1

I'm building a webcrawler in Python using beautiful soup to crawl wikipedia. The problem is that wikipedia has a lot of garbage links that I don't want to look at.

For example:

target links with # before the target part

<li class="toclevel-1 tocsection-1">
  <a href="#Overview">
    <span class="tocnumber">1</span>
    <span class="toctext">Overview</span>
  </a>
</li>

talk pages

<li class="nv-talk">
  <a href="/wiki/Template_talk:Data_structures" title="Template talk:Data structures">
    <span title="Discuss this template" style=";;background:none transparent;border:none;;">t</span>
  </a>
</li>

template pages

<li class="nv-view">
  <a href="/wiki/Template:Data_structures" title="Template:Data structures">
    <span title="View this template" style=";;background:none transparent;border:none;;">v</span>
  </a>
</li>

and so on...

Now, I'm storing all the links I've already visited in a dictionary so I don't visit them twice, so I can avoid the target links by simply checking if the link up to the # symbol is already in the table.
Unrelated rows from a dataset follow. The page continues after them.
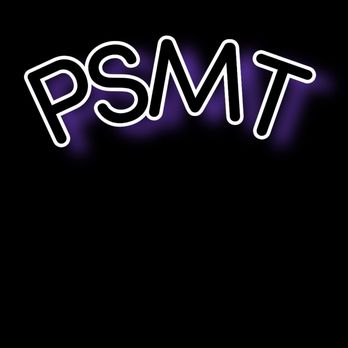 ProSkills Massage Therapy - Massage Therapy Near Me - Orange Park, Florida ProSkills Massage Therapy - Massage Therapy Near Me - Orange Park, Florida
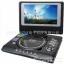 ҹӦ Ǵ  ɫ750 evd岥Ż ƶdvd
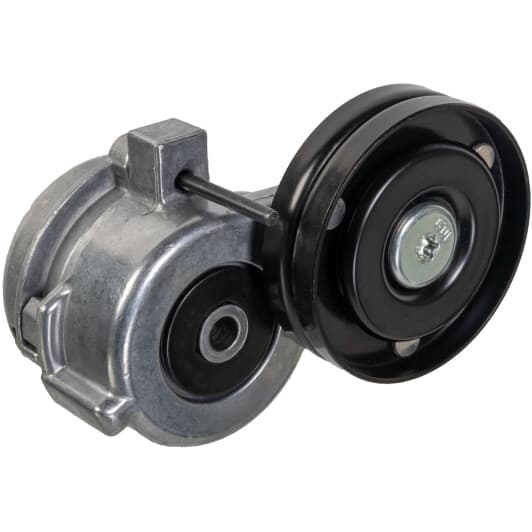 22897 Febi Натяжной ролик поликлинового ремня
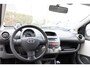 Toyota Aygo 1.0-12V Comfort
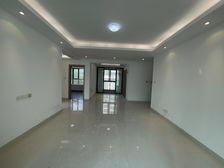 精装好房 近地铁 电梯房 医疗配套成熟 交通便捷 大两房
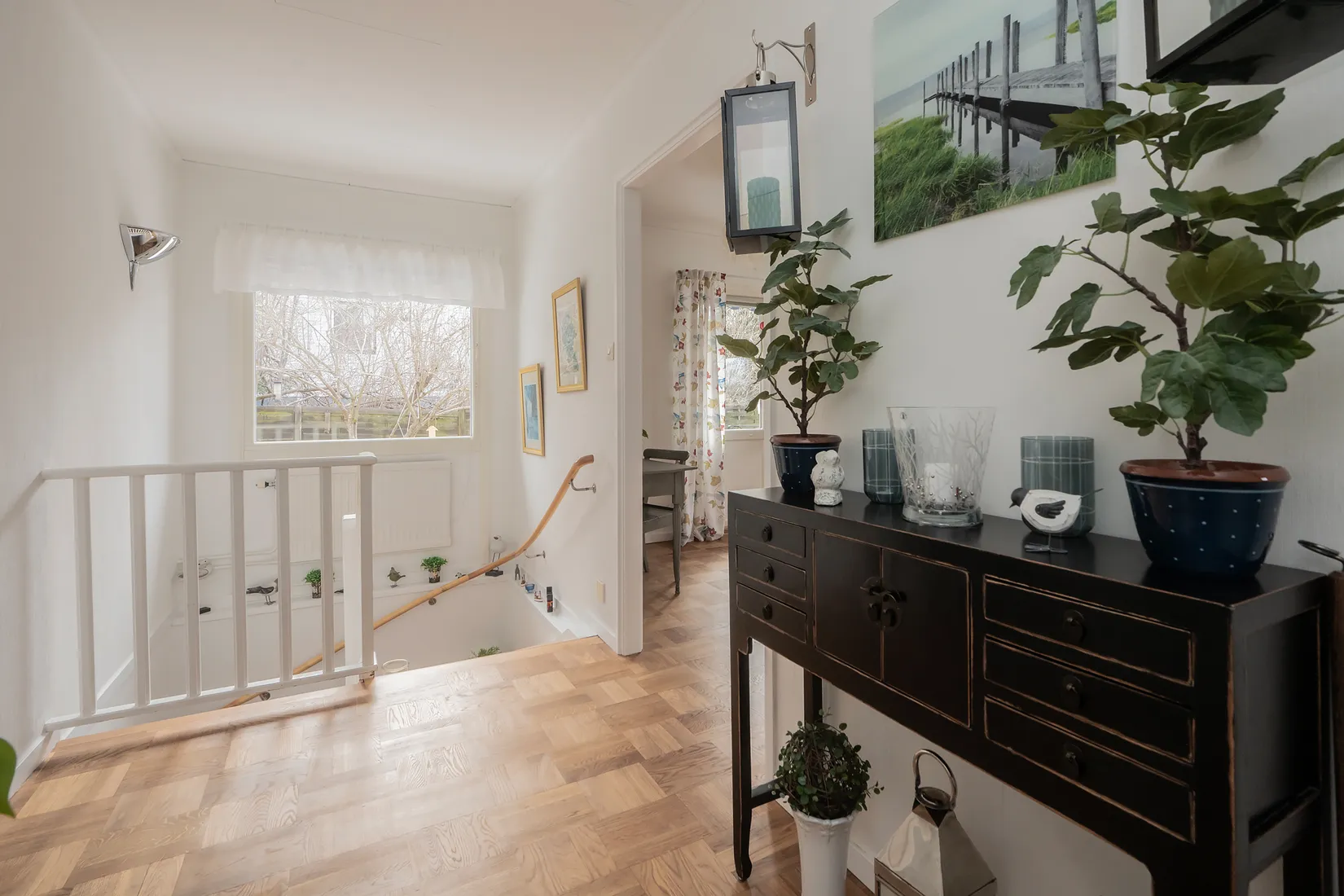 Villa, Vintervägen 8, Stuvsta, Huddinge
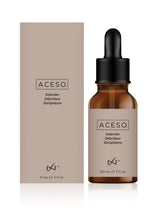 Load image into Gallery viewer, Famous Names Aceso Debrider 60ml; Powered By Natural Bio-Actives
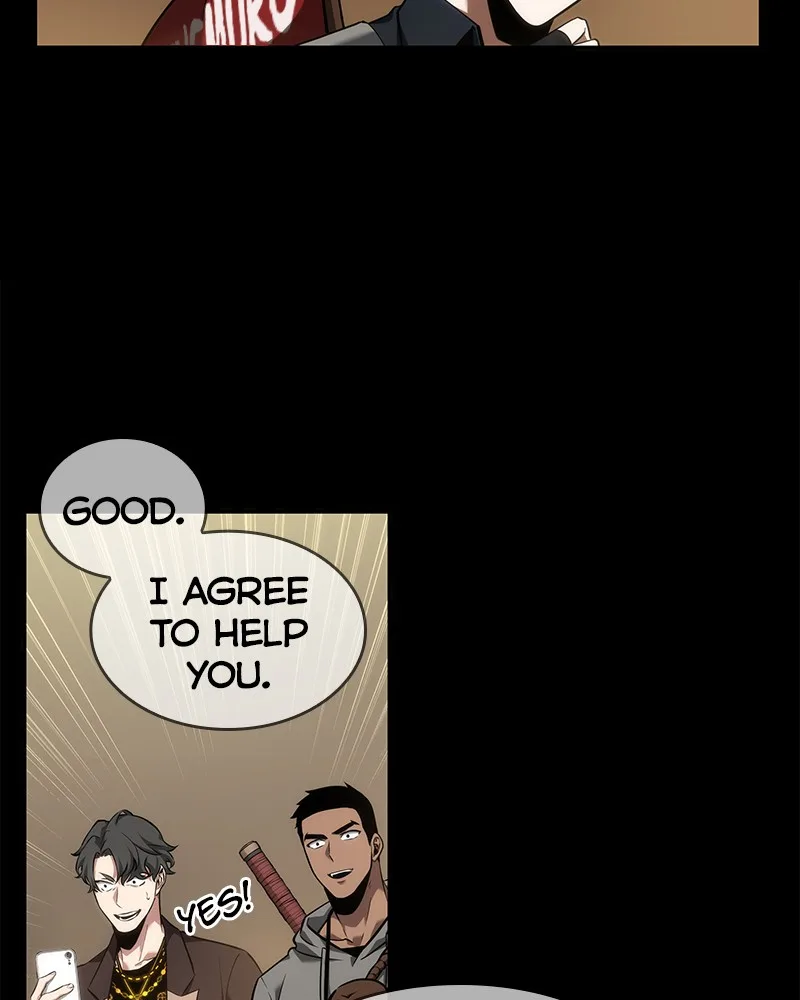 Omniscient Reader's Viewpoint - Chapter 49 - Page 87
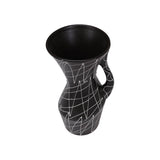 Cazden Tall Vase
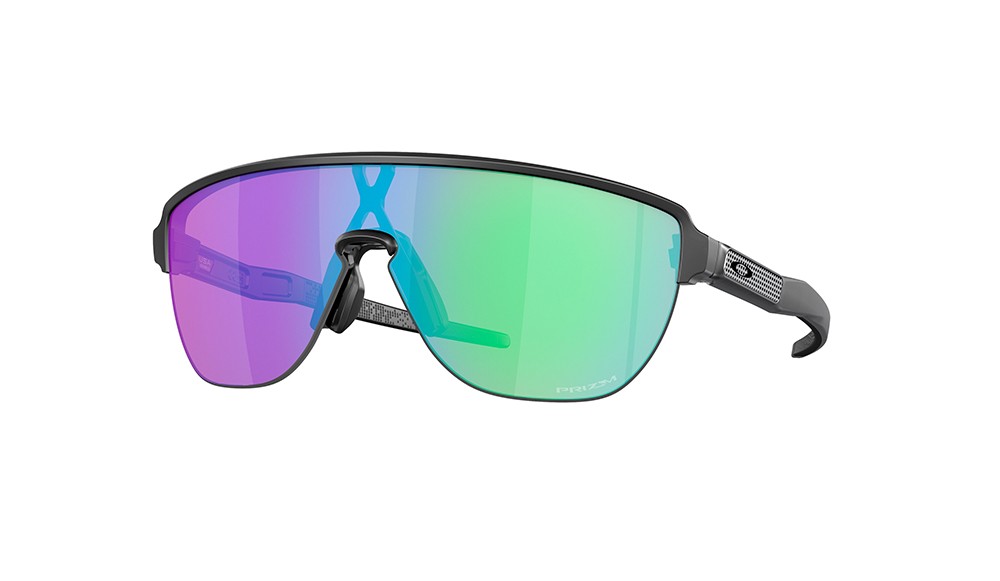  Oakley Corridor OO9248-924809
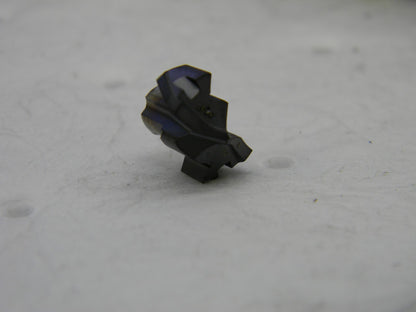 ISCAR HCP 0449-IQ IC908 Carbide Replaceable Tip Drill QTY 1 5567949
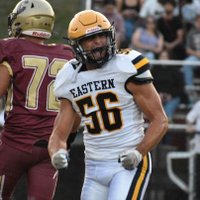 Cole Staker (@colestaker) 's Twitter Profile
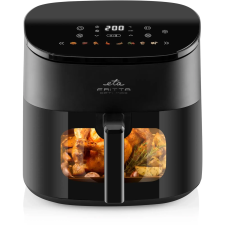 ETA 2167 Fritta Opti Max 9000 fritőz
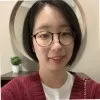 Cindy Zhuo Sun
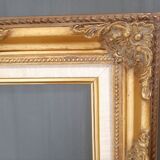 Frames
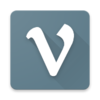 V2LFv2019.3 ��׿��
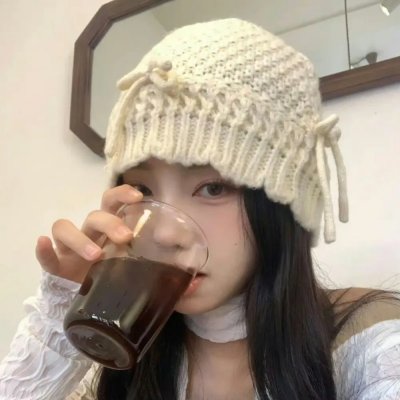 错试云雨情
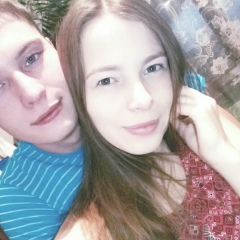Илья Симоненко, 15.06.1998, Мыски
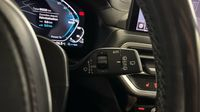 Bmw X3 xDrive30e 292ch M Sport — photo 24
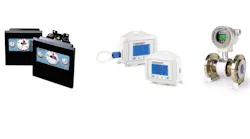 Pi March Products2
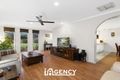 Property photo of 15 Matthew Flinders Avenue Endeavour Hills VIC 3802
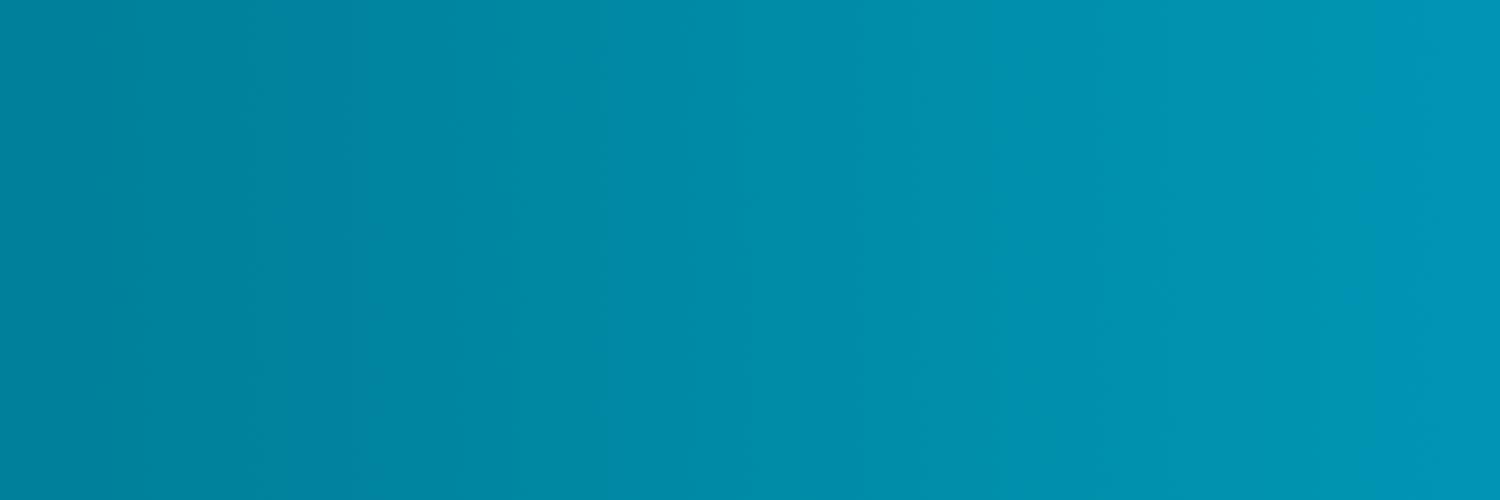 Allsvenskan Fantasy banner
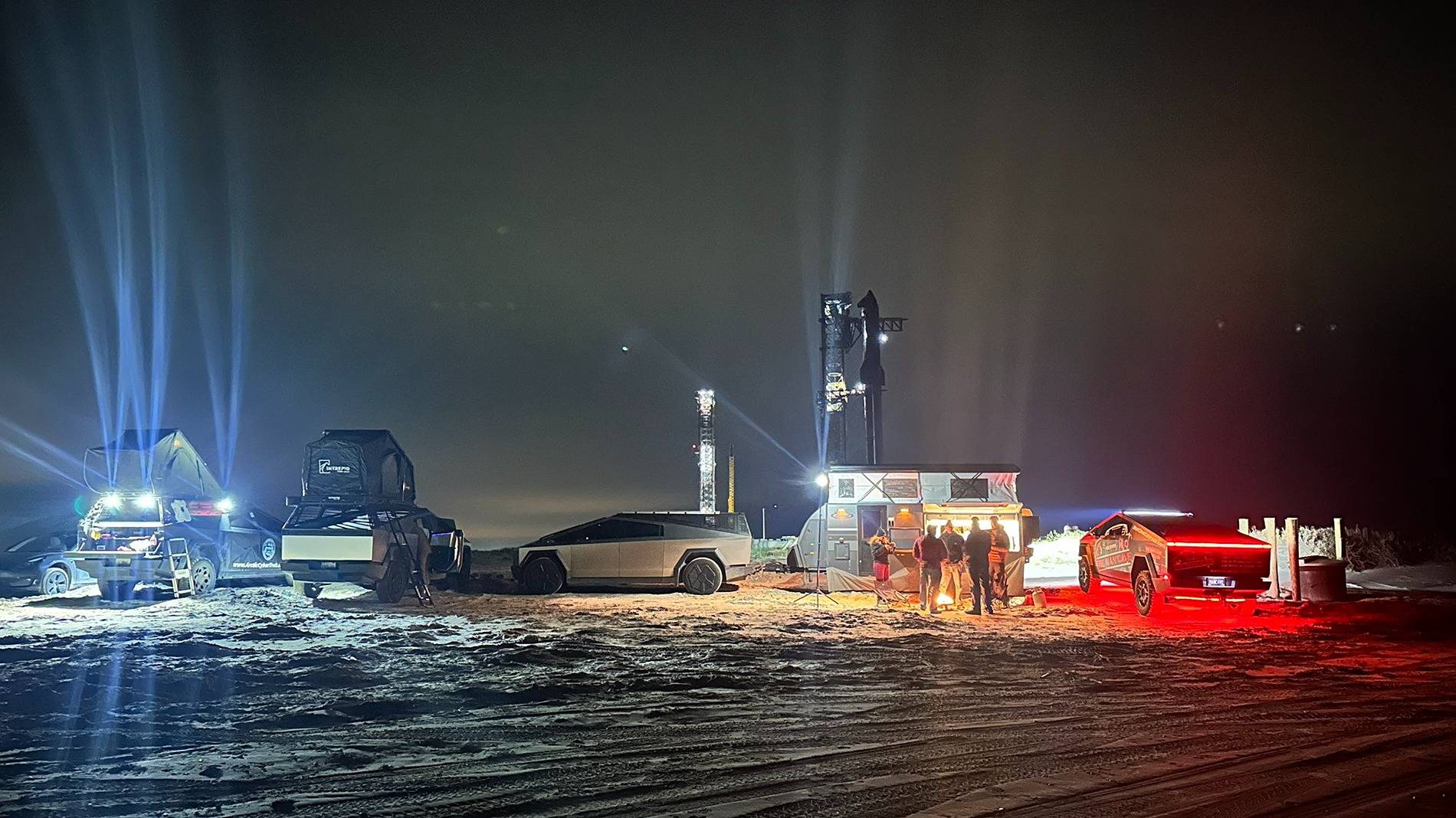 Tesla Cybertruck Urander Rack Mega Thread – Post Your Setup! IMG_3987.JPG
I'm having a little more trouble with talk, template, and other such pages, however.

Something unique about them is that they always appear within an <li> tag, with some class attribute ("nv-talk", "nv-view" etc), however my crawler relies on looking at the <a> tags, so I don't have access to the attributes of the <li> tag within which it is contained.

Furthermore, not all links on a page are contained within an <li> tag, so I can't simply search for <li> tags instead.

Any ideas?

martin-martin
  • 3,274
  • 1
  • 33
  • 60
Kittenmittons
  • 400
  • 3
  • 14

1 Answers1

2

You can use find_parents() method of BeautifulSoup. This will tell you if a particular tag is within another tag with specified attributes. In this case we are looking for an anchor tag within another tag with nv-talk or nv-view class attribute.

Demo:

html = '''<li class="nv-talk"><a href="/wiki/Template_talk:Data_structures" title="Template talk:Data structures"><span title="Discuss this    template" style=";;background:none    transparent;border:none;;">t</span></a></li>    '''
soup = BeautifulSoup(html)
a_tag = soup.find('a')
a_tag.find_parents(attrs={'class':'nv-talk'})

which gives you:

[<li class="nv-talk"><a href="/wiki/Template_talk:Data_structures" title="Template talk:Data    structures"><span style=";;background:none transparent;border:none;;"    title="Discuss this template">t</span></a></li>]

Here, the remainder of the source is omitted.